## Stored data
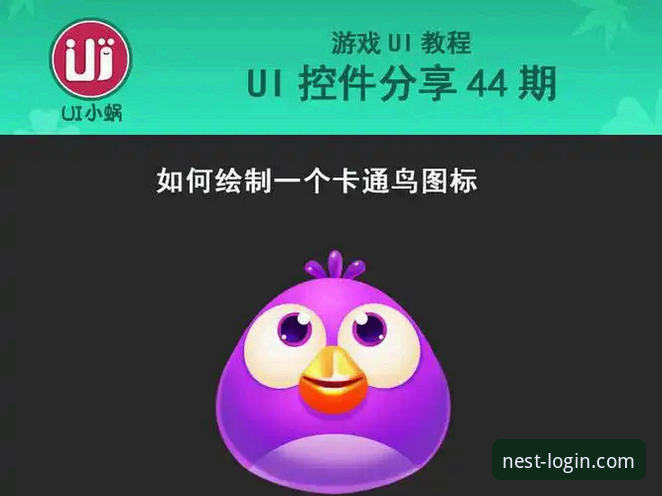 小鸟平台2026新版官方登录入口上线，用户体验迎来全面升级最新消息
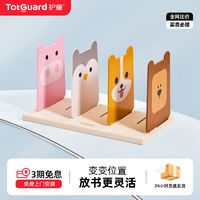 Totguard 护童 书立架阅读架书夹桌上书架桌面固定书本收纳神器置物架分隔板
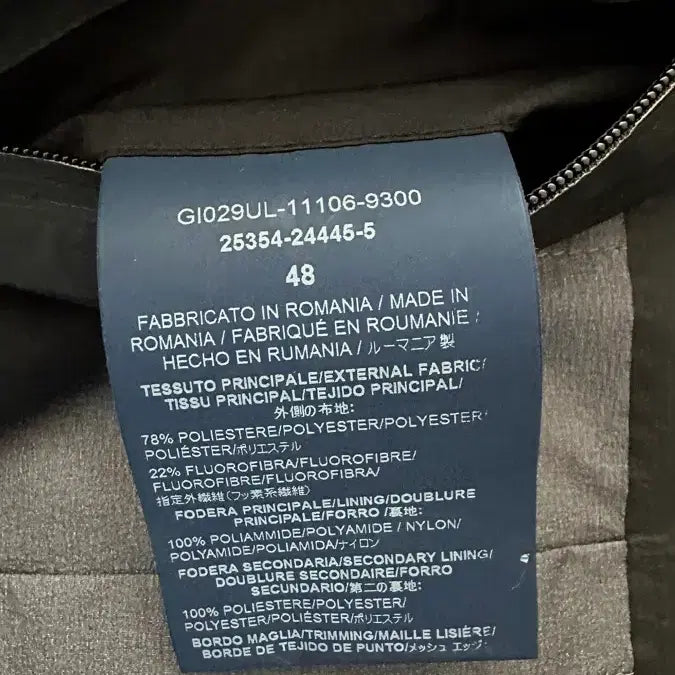[SOLD OUT] HERNO Laminar 고어텍스 MA-1 자켓 48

## Task objective
The whole of the data needs to be copied word for word, though not its pictures.

## Solution to this exercise
 小鸟平台2026新版官方登录入口上线，用户体验迎来全面升级最新消息
 Totguard 护童 书立架阅读架书夹桌上书架桌面固定书本收纳神器置物架分隔板
[SOLD OUT] HERNO Laminar 고어텍스 MA-1 자켓 48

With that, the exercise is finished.